- [DATA SECTION]
================

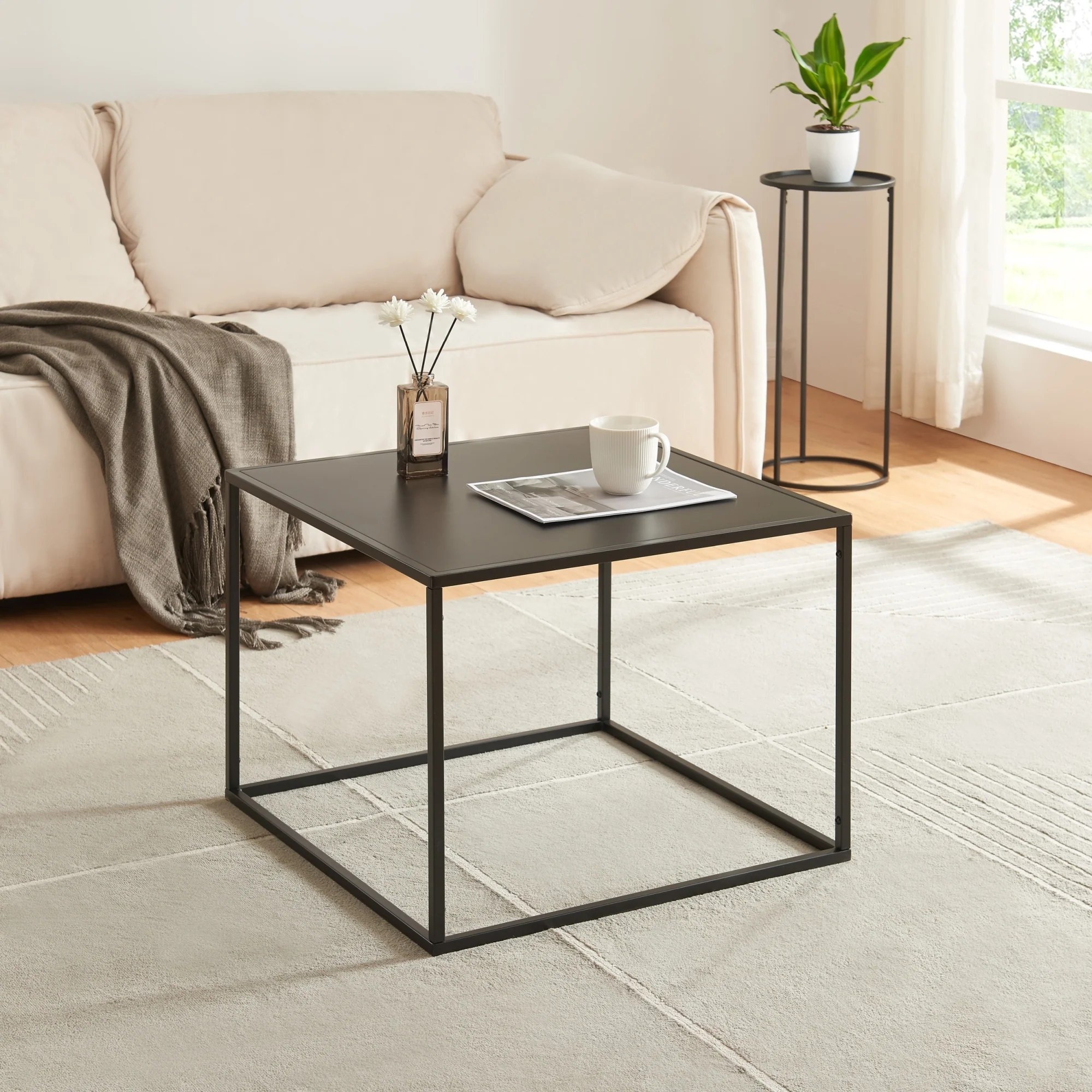 Couchtisch Solund [en.casa]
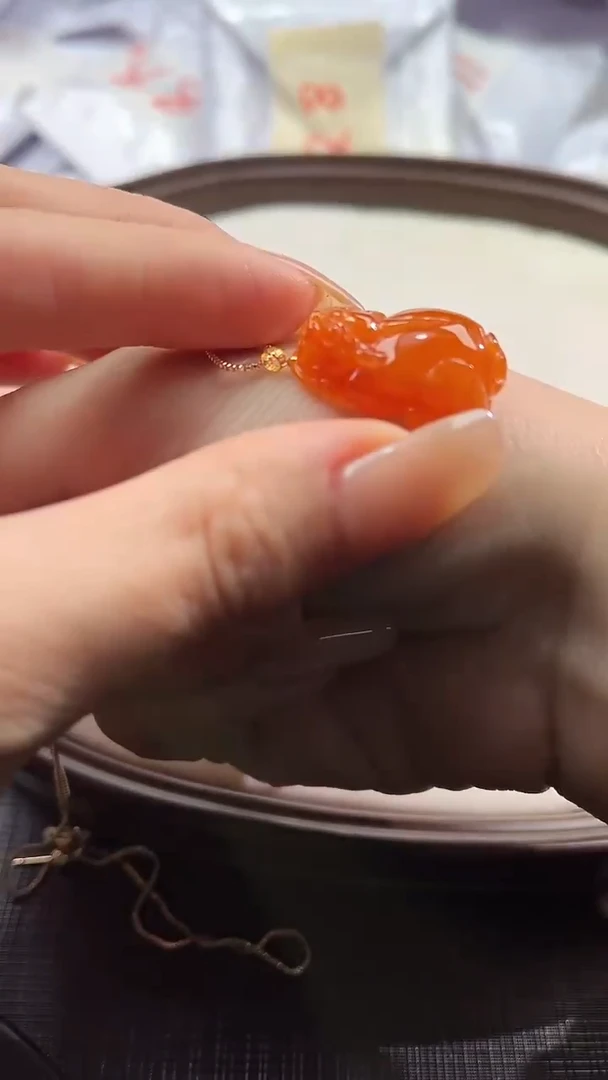 【闪购商品】翡翠颈饰18K金镶嵌100633630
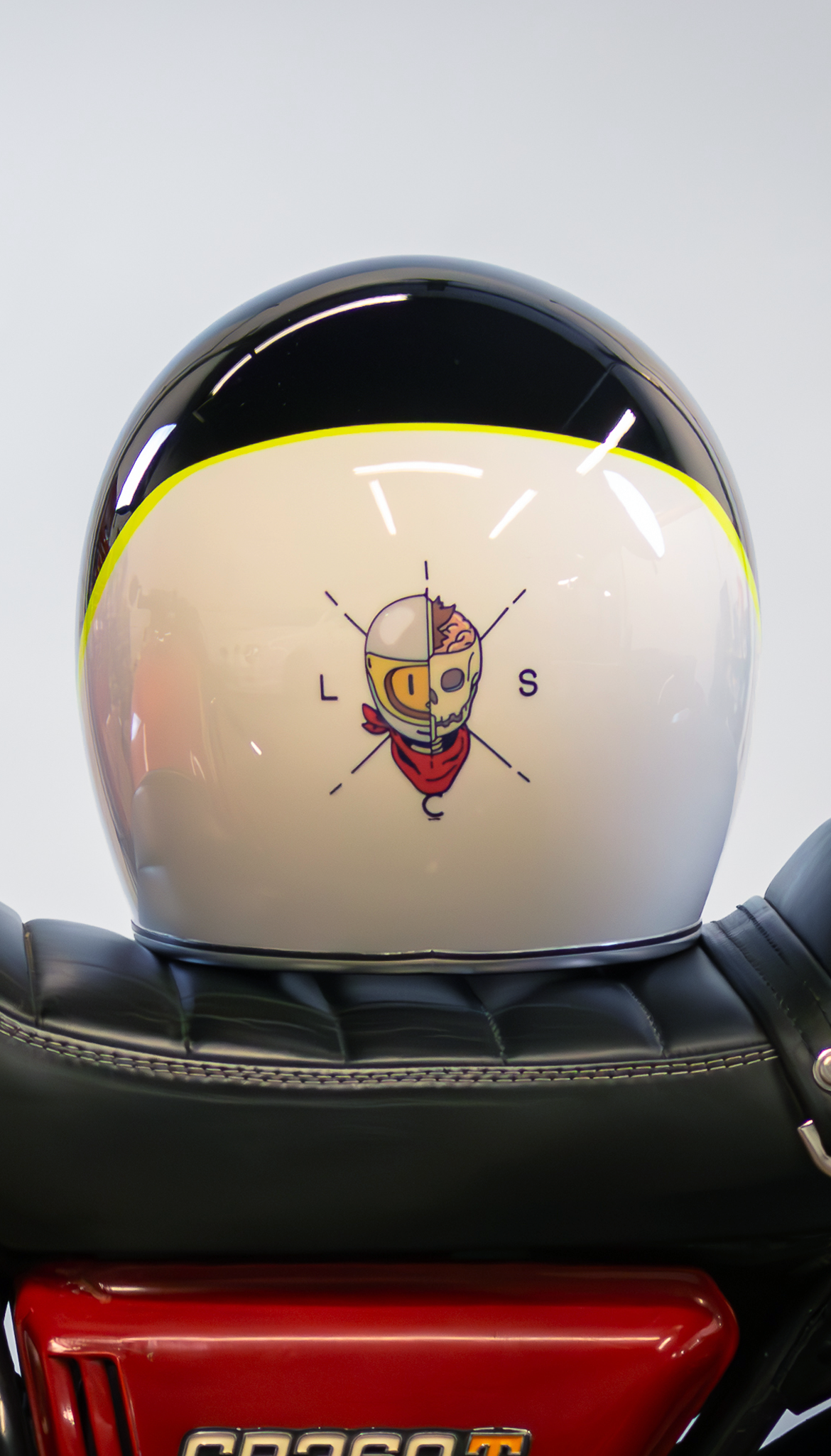 LSC_Helmet_Mobile.png
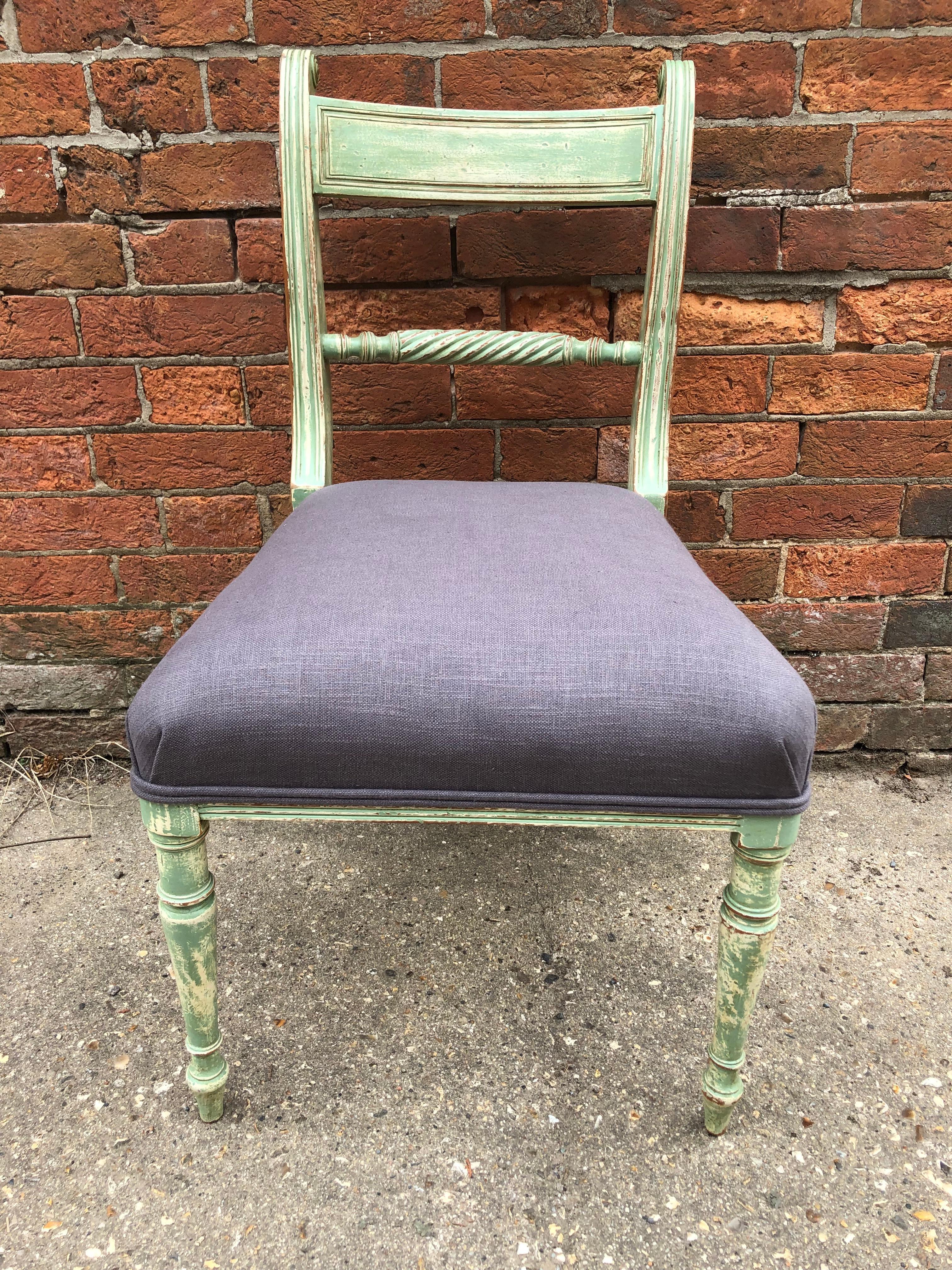 12 Regency Painted Mahogany Chairs In Good Condition In Bournemouth, GB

================

- [EXERCISE PROMPT] What you write must match, line for line, the lines from the one with "LSC_Helmet_Mobile.png" through the last line of the data above, minus the pictures.

- [ANSWER TO THIS PROBLEM]
 LSC_Helmet_Mobile.png
 12 Regency Painted Mahogany Chairs In Good Condition In Bournemouth, GB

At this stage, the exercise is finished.